What's wrong with developers? - squixy
https://medium.com/@KamilLelonek/what-is-wrong-with-developers-7d4fd6ebbb60

======
greenyoda
_" Where have all good programmers gone? ... What I noticed is that there were
few or no conferences without a topic of refactoring. ... Why can’t we write a
good code from the very beginning?"_

The author of this article seems to think that refactoring is only used to
clean up messes created by bad programmers. He completely ignores one of the
major uses of refactoring, which is to evolve a code base so that new
functionality can be added to it. No matter how well-written a piece of code
is, it will need to change to support new requirements that couldn't have been
predicted at the time it was written. (gregjor's excellent earlier comment
goes into this in more detail.) Any successful software application that
survives more than a few months will need to undergo this kind of evolution.
Think of all the features that have been added to Amazon.com or Facebook since
these sites were launched. The fact that Amazon's original architecture from
1994 didn't support streaming videos doesn't mean its developers were inept -
there was no such technology at the time.

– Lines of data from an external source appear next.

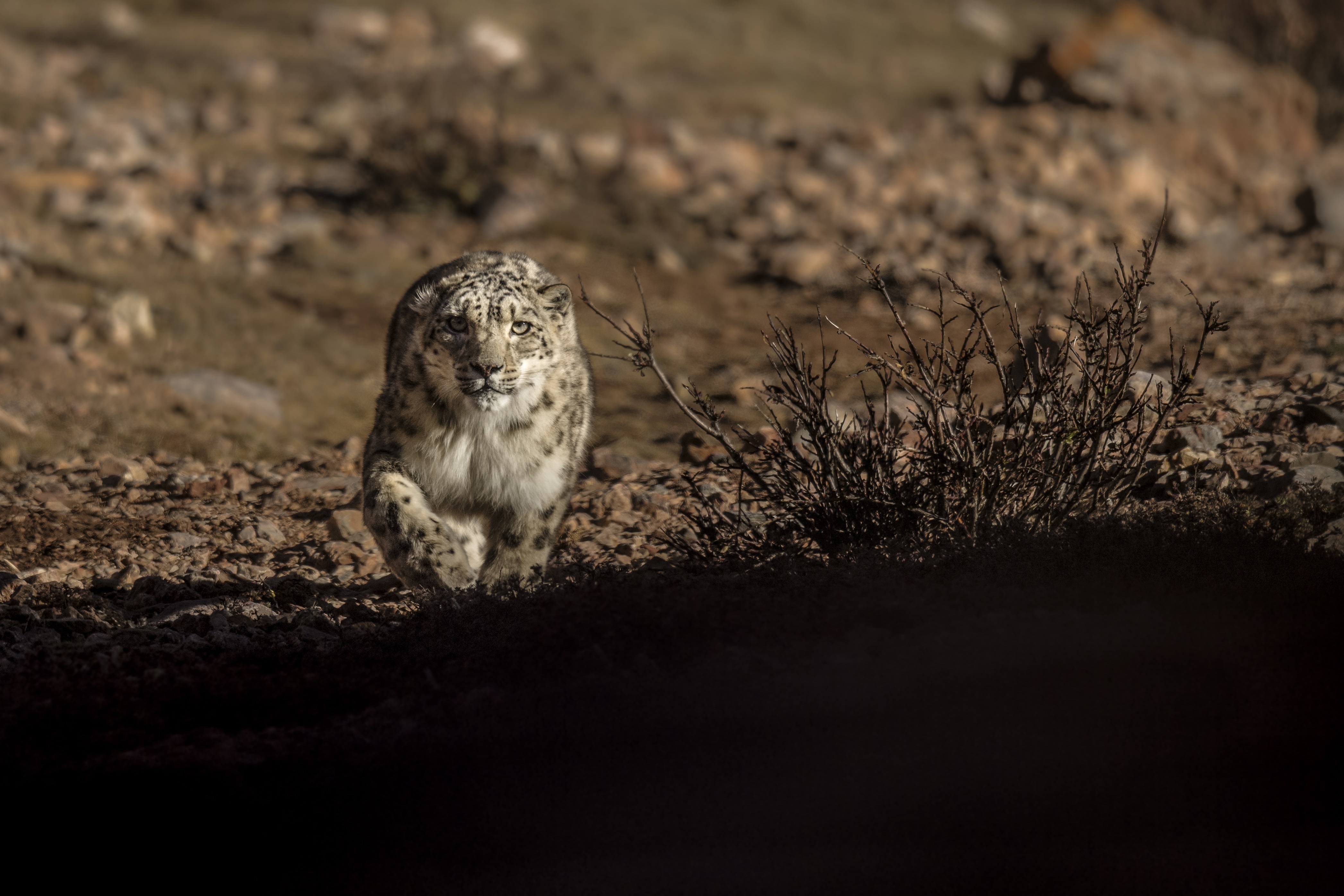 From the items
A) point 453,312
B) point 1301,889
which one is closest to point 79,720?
point 453,312

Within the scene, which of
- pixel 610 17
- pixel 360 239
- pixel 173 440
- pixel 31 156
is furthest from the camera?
pixel 610 17

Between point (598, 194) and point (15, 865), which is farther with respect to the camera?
point (598, 194)

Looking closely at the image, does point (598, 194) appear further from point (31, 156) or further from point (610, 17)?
point (610, 17)

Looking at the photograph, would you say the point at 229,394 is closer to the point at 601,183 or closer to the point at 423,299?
the point at 423,299

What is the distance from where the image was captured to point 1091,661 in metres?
4.54

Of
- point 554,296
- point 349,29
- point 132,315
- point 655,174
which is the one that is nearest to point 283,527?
point 554,296

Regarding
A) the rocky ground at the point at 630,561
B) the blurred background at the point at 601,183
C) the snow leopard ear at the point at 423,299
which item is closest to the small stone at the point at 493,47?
the blurred background at the point at 601,183

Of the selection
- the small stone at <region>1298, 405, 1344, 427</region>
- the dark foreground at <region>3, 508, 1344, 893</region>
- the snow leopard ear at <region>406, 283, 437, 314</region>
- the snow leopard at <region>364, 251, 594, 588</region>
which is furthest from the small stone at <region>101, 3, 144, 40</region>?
the small stone at <region>1298, 405, 1344, 427</region>

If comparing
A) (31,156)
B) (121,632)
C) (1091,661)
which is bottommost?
(121,632)

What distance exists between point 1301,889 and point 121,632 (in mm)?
4681

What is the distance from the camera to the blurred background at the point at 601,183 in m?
10.5

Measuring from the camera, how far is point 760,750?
14.1 ft

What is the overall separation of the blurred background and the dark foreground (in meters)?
4.26

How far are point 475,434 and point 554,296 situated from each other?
0.91 metres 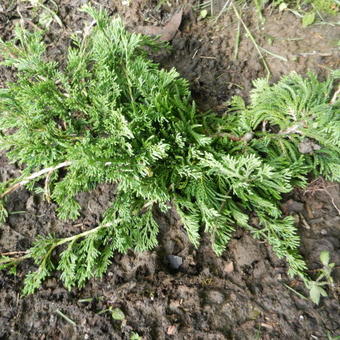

Also, even good programmers can write bad code if they're under time or cost
pressure. For example, if your aim is to quickly launch a startup with limited
funds, you might cut corners on code quality and scalability, intending to
clean up the code later if the business achieves market traction and positive
cash flow. At that point, knowing some of the subtleties of refactoring
technique could be very useful.

------
gregjor
We will always have legacy code because most software is writen to satisfy
business requirement, and those requirements change over time. Except for
hobbyists and academics, software is not written with advance knowledge of
every eventuality. From a business point of view good software adapts to
change. Those adaptations may make the code more "legacy" or icky to future
developers, but it's always a cost/benefit tradeoff.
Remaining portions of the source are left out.